Pozdrawiam wszystkich serdecznie i liczę na rzetelną pomoc ;)
Mateusz

ata
19-08-2012, 18:06
W opisie brakuje magicznego słowa: "bezwypadkowe"
Ja bym auta nie skreślał tylko z tego powodu, ale trzeba dokładnie sprawdzić jaki był zakres uszkodzeń i sposób naprawy. Czyli potrzebujesz kogoś kto zna się na samochodach więcej niż "trochę", i możliwości sprawdzenia pojazdu w serwisie. A z tym może być różnie, bo sprzedaje pracownik serwisu i nie wiesz który warsztat tam jest dla niego "znajomy".

lukq
19-08-2012, 18:15
Wiec tak jeśli to naprawdę auto pracownika to jeszcze ok. Nie jest nigdzie napisane, że bezwypadkowe więc pewnie miało jakąś mała przygodę.
Ogólnie jeśli chodzi o auta z Gdańskich komisów to można powiedzieć, że to jak w Gnieźnie 90% bitych i składanych. Tak jak w Chojnicach.
Cena dość atrakcyjna jak na ten rok no i przebieg. Jak będziesz dzwonić to wypytaj się o wszystko. Poleciłbym Ci zlecenie przeglądu w ASO na telefon i żeby podali Ci wszystko w Mailu, albo telefonicznie. Niestety jest to pracownik i wiesz jak to może być. Trzeba jechać jeśli po rozmowie będzie ok.

matti12321
19-08-2012, 20:47
Dzięki za odpowiedzi. Co do stwierdzenia o znajomości kuzyna to trochę niefortunnie to "trochę" tam wpadło. Brat (cioteczny=kuzyn;)) się zna dobrze - sam ma serwis samochodowy (dokładniej jego ojciec, a kuzyn tam tylko pracuje), a kilka lat temu miał komis samochodowy, więc raczej kłopotu ze "specjalistą" nie będzie. Za tą nieścisłość przepraszam, ale nie chciałem początkowo przedłużać wypowiedzi.
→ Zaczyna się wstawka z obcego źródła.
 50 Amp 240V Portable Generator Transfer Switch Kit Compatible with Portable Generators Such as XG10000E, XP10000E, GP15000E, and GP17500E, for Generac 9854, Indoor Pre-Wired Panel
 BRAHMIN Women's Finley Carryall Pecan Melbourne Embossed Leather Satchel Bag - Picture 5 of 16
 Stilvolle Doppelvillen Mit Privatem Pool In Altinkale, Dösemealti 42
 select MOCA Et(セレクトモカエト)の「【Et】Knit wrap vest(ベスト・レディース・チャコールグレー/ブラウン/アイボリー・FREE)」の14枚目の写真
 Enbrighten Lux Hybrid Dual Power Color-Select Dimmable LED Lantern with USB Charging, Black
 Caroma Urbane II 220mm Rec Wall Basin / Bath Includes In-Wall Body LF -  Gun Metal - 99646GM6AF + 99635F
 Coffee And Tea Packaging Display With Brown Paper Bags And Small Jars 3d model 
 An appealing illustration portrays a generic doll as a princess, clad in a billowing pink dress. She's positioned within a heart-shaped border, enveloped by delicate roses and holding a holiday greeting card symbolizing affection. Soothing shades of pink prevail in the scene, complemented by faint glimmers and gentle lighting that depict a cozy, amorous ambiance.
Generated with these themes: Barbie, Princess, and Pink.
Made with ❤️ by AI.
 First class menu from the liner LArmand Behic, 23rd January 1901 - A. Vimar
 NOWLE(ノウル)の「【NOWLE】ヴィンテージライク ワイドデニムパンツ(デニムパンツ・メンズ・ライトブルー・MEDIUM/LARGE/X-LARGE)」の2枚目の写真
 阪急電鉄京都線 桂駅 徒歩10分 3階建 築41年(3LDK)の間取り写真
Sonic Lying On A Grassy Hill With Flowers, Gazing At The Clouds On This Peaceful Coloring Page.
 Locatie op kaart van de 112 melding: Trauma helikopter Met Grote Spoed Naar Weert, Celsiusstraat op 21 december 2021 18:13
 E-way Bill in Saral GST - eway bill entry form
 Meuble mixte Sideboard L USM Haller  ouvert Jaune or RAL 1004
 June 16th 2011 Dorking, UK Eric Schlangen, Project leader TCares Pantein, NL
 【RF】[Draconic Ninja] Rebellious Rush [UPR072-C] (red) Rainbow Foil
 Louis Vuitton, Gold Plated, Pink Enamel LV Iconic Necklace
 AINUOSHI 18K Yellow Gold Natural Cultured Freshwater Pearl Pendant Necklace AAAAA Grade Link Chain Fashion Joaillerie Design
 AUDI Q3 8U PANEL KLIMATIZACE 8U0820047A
Z kolei co do lukq-a to jest to ASO, a nie zwykły komis ;). A Gdynia nie lubi się chyba z Gdańskiem, nie? :D A teraz już na poważnie: czyli jak będę do nich dzwonić mam się spytać o bezwypadkowość i jeśli przygoda była to pytać o skalę tego nieszczęścia. Przypatrując się zdjęciom lewego boku mam wrażenie, że przednie drzwi są delikatnie wyżej niż tylne na ich łączeniu. Z prawej jest idealnie, a więc jeśli coś tam było to zapewne był to lewy bok. Poza tym mam poprosić o przegląd, ale wiadomo, że może być problem z jego rzetelnością. Myślę, że jeśli nie było to nic poważnego, a ustąpią do tych 32-33 tys. to chyba go wezmę. Z bratem już ustaliłem przez telefon, żeby sobotę miał wolną w razie czego... Chciałbym się jeszcze zapytać o to, czy moglibyście mi jeszcze jakieś oferty polecić, jeśli komuś się zechce popatrzeć. Swoją drogą ja znalazłem jeszcze to:
Oferta - Fiat Bravo - Auto kupione w salonie, bezwypadkowe, użytkowane przez kobietę. Stan techniczny i wizualny bardzo dobry. Bardzo dynamiczny samochód, (http://otomoto.pl/fiat-bravo-sport-1-4t-jet150-C25535713.html) - Ogolnie super, a nawet aż za bardzo - climatronic, T-Jet 150, ale jest cholernie drogi, i to 2007 rok !... Trochę ZA DROGI :(
Oferta - Fiat Bravo - Witam, sprzedam prześlicznego FIATA BRAVO w wersji T - JET SPORT wyposażonego w ekonomiczny i bardzo dynamiczny silnik benzynowy o p (http://otomoto.pl/fiat-bravo-na-gwarancji-t-jet-sport-C25327343.html) - ten też fajny - czarny, T-jet 150 i climatronic również jest - rok młodszy - 2008. Cena - lepiej niż w tym srebrnym, ale też trochę dużo.
A wracając do tego Gdańskiego - przypomniałem sobie, że samochód ma jeszcze gwarancję(2010 produkcja, gw. 3 lata =>2013). Teoretycznie nie napisali, z którego miesiąca on jest ale tak czy tak jeszcze kilka miesięcy będzie... Ale czy to coś zmieni?
Jeśli w liście spraw, o które pytać w rozmowie telefonicznej o czymś zapomniałem to proszę, abyście pisali. Jak zadzwonię, to się odezwę, co i jak.
Pozdrawiam.

lukq
19-08-2012, 23:41
Gdynia z Gdańskiem piłkarsko tak. Pisze to co Wiem i co krąży 3mieście wśród znajomych różnych marek i for. Do rzeczy możesz z nim pojechać na obwodnicę,dokładnie na szadółki (dzielnica). Jest tam serwis fiata innego właściciela niż ten do którego Ty jedziesz,konkurencja. Mają tam też auta używane. Będziesz go zresztą mijał po lewej stronie jadąc obwodnica od strony pruszcza gdańskiego.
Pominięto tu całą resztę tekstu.